There’s no predetermined heroes and villains and losers and winners. The storylines are fluid and weird and heartbreaking and confusing and emotional. If you want Gary Bettman to be the NHL’s Vince McMahon, it doesn’t work like that.
Sure, you can talk about the playoff format and how it’s the same goddamn Bruins team over and over again.
You’ve got: Bergeron. Marchand. Rask. Chara. Rene Rancourt. Store-brand Rene Rancourt replacement. All guys you love to hate.
But Bettman didn’t use his Hand of God to make Montreal miss the playoffs yet again or convince Ottawa to nearly relegate themselves or for Florida to sell everyone off in the expansion draft or for Buffalo to do everything short of giving Rasmus Ristolainen the captaincy or for Detroit to give every Michigan resident over the age of 35 lifetime access to the arena as long as they could skate 20 minutes a night 82 times a year.
And despite their inexplicable playoff exit in four nights to a Columbus team who started clicking at the perfect time, Bettman didn’t create the Florida Tax structure or weather or great drafting and scouting department or Jon Cooper or anything else that made the Tampa Bay Lightning a delight to watch this season.
So for as much as you hate the playoff format or the NHL or the Bruins or whatever, the first-round matchup for the Leafs remains the same because only three of eight teams in the Atlantic Division really showed they were ready to hang with the big boys this season.
The challenge is the same as last year (and 2013), but it’s different. And though some key pieces left both teams, it’s different because of the largest free agent signing in the last however many years. A $77-million bet that’s worked out beautifully thus far.
John Tavares has, whether you think it justly or not, become both a hero to many and a villian to so many others. Something about dudes named John. We don’t need to rehash the reasons why.
But that New York Islanders team that Tavares left just did something Toronto hasn’t accomplished yet (or since 2004) — winning a playoff series. Talk all you want about luck and goalies and their future and anything else. They did the damn thing. A small step, sure. But still something to look at and realize, “hey, I want that too.”
And you can imagine the takes if Tavares’ Leafs can’t even win four playoff games.
Game 1 the Leafs’ #1 hero was pretty clear. Sure, there was a great goaltending performance from Frederik Andersen, a sublime pass from Nazem Kadri and a great finish from William Nylander.
But you put a 21-year-old kid with a chance to score halfway through the game, after he’s already scored once? And he pulls off that move? Sure, you can pencil that first star in any day of the week.
Game 2 was honestly something nobody will ever remember 58 minutes of like two years from now. The Bruins scored some goals, and Kadri and Jake DeBrusk did some dumb things. One of them got suspended. It is what it is.
And that adds to the challenge for Tavares and the Leafs. Instead of having three great centres, you’ve got two great centres and a winger who you hope works out.

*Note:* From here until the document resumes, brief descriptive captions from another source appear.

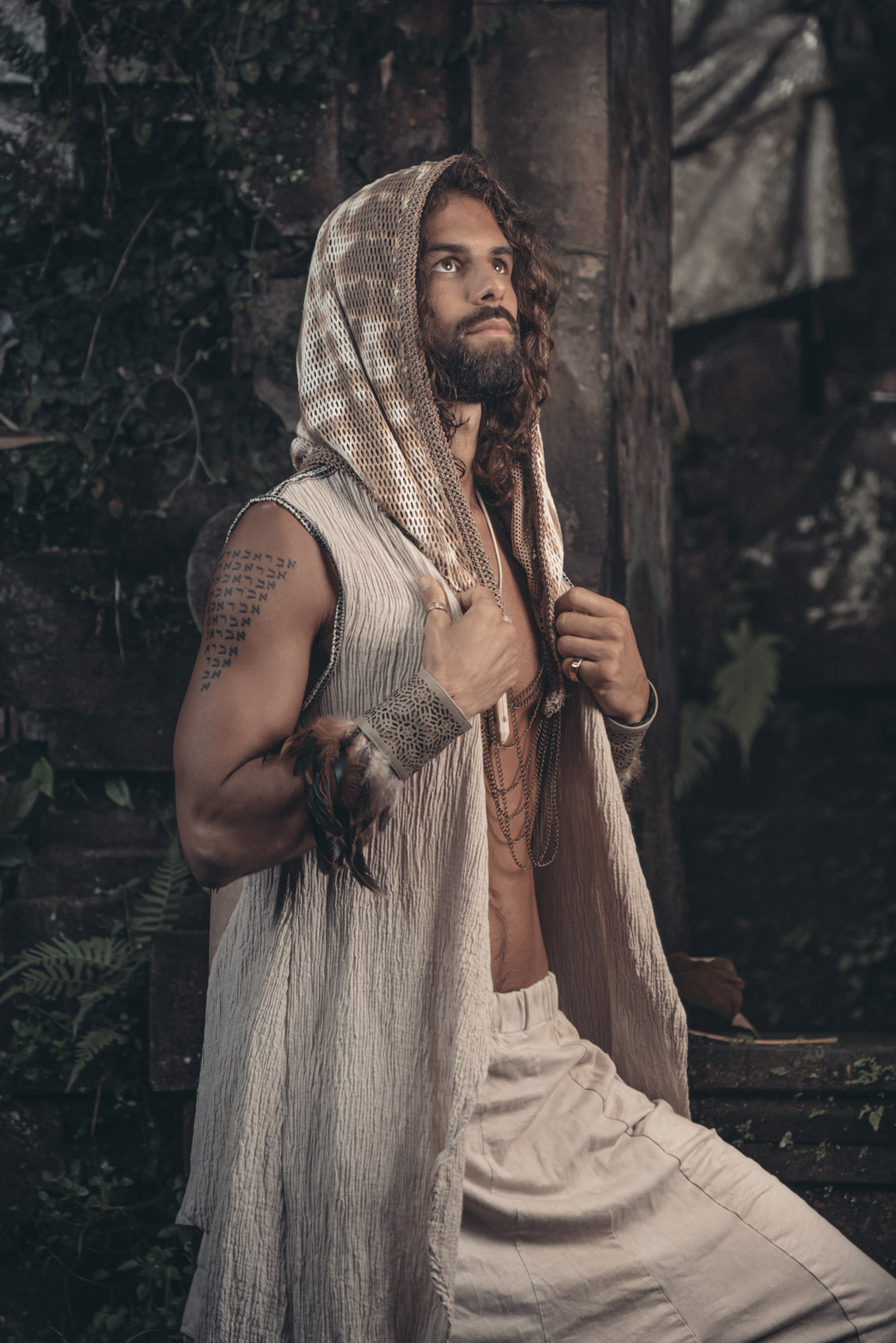 Earth Element Chain Hood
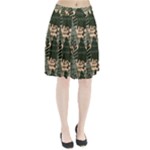 Christmas Vector Seamless Tree Pattern Pleated Skirt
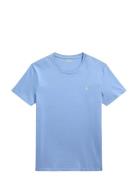 Custom Slim Fit Cotton T-Shirt Blue Polo Ralph Lauren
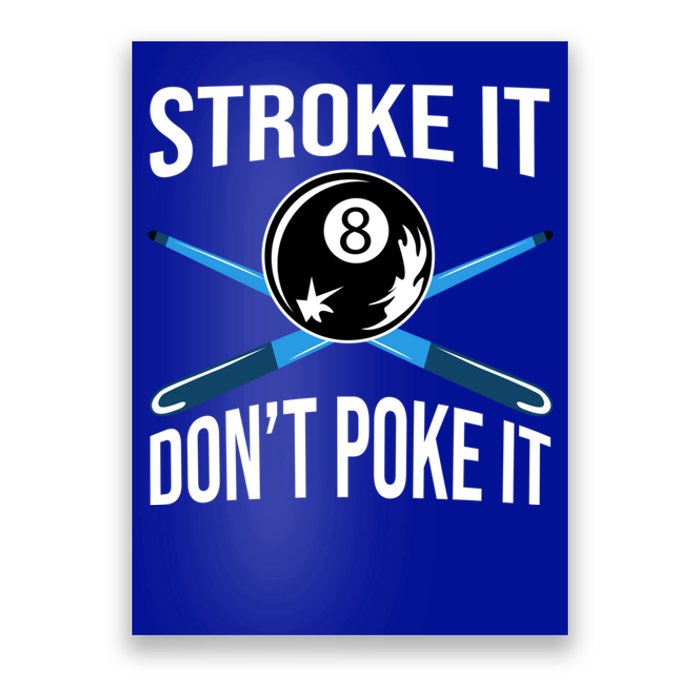 Funny Pool Player Billard 8ball Gift Poster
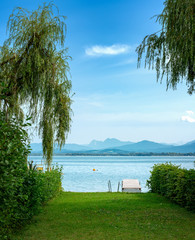 privater Zugang zum Chiemsee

Game 3 a few heroes came out. Auston Matthews, for one, finally scored another playoff goal. Andreas Johnsson and Trevor Moore each popped one in. Andersen was stellar again. Great defensive plays all around.
And what has Tavares done in this series? Well, he’s got three points in three games. All you can ask for.
In Game 1, we’ve got an empty-netter in game one, to go along with an secondary assist on Mitch Marner’s goal that first popped off the post.
Nothing in game 2.
And then there was this beautiful pass in Game 3.
He’s won 59% of his faceoffs so far, taken 13 shots on goal over the three games, and has been matched up mostly against the Bruins’ top line, who have looked anything but like the dominant force they usually are against Toronto.
Tavares has been good. But you don’t remember good playoff performances — you remember great ones.
You’ve gotta believe there’s another gear in there. A two-goal night? A couple key assists? Whatever it takes, John Tavares has a golden opportunity in front of him to get things done and make a statement tonight (and for however many games this series takes).
You’re a big game player. Canada has been seeing it for literally a decade.
So, for lack of better words, Dear John: You left New York. You chose to come home. You scored 47 in the regular season.
Go out there and make that childhood dream come true. The time is now.